Problem to work on:
With the pictures left out, transcribe exactly the lines from the one with "Commode en bois" through the end of the data.

Data section:

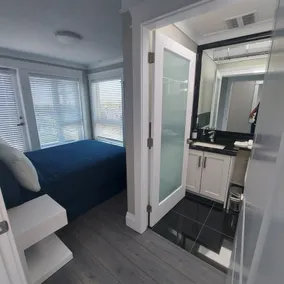 Sunset Mews Luxurious 3 Bed Townhouse - Image 4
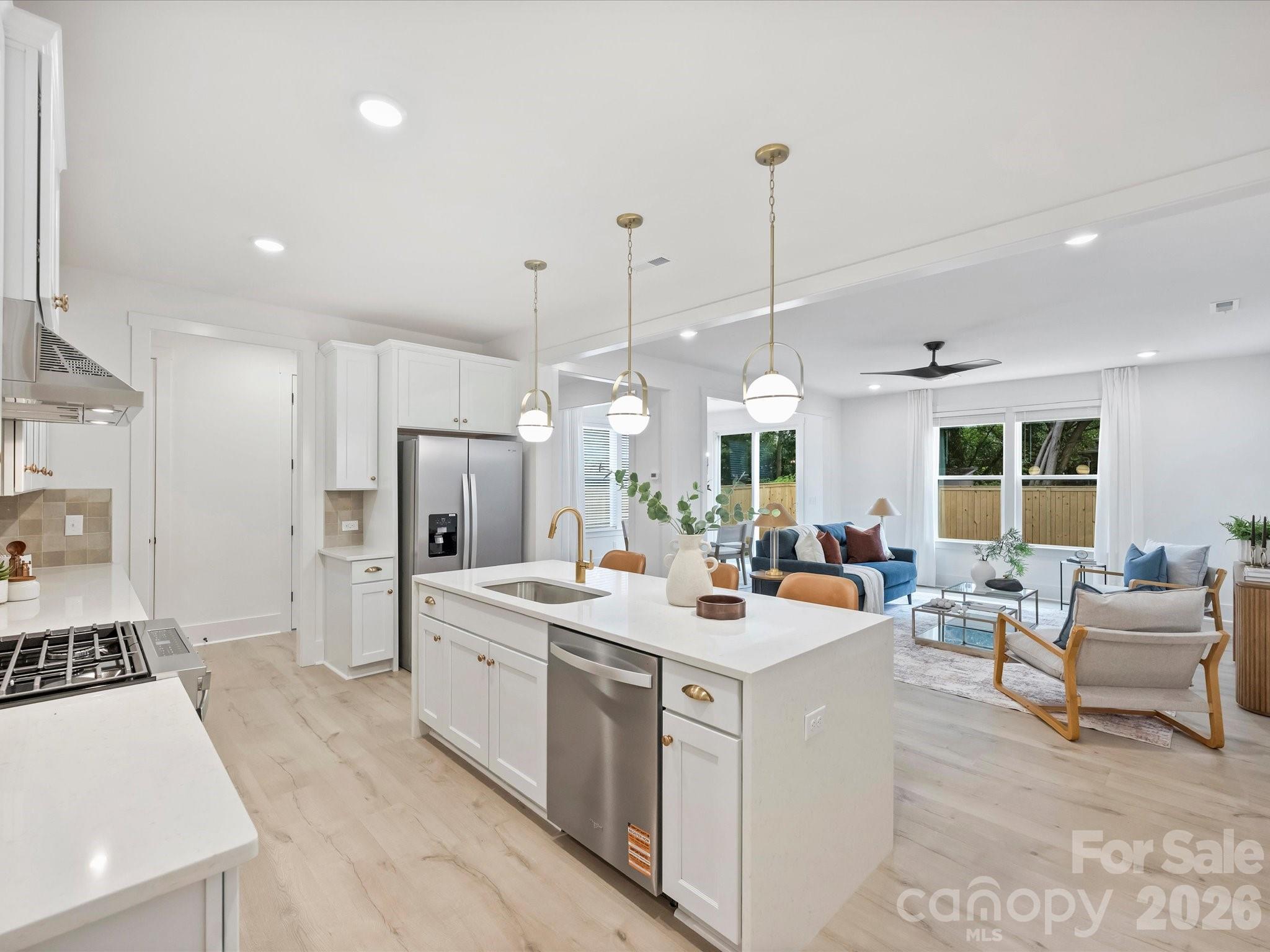 1125 E 35th Street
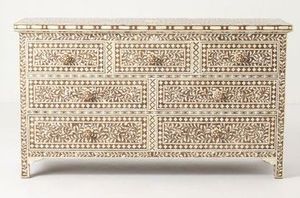 Commode en bois de luxe avec incrustations en os, fabriquée à la main, pour une décoration intérieure moderne et classique - Product Image 1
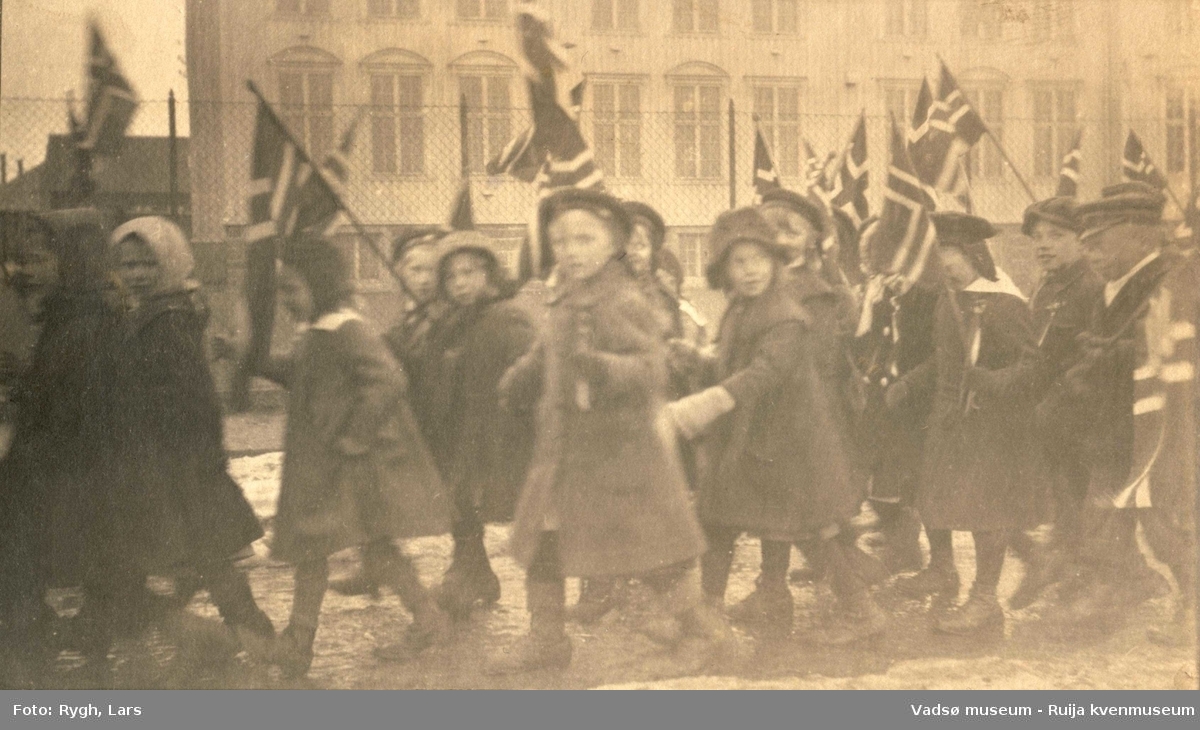 Barn i 17. maitog i Vadsø 1918. Antatt foran sykehuset.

Answer for the task:
 Commode en bois de luxe avec incrustations en os, fabriquée à la main, pour une décoration intérieure moderne et classique - Product Image 1
 Barn i 17. maitog i Vadsø 1918. Antatt foran sykehuset.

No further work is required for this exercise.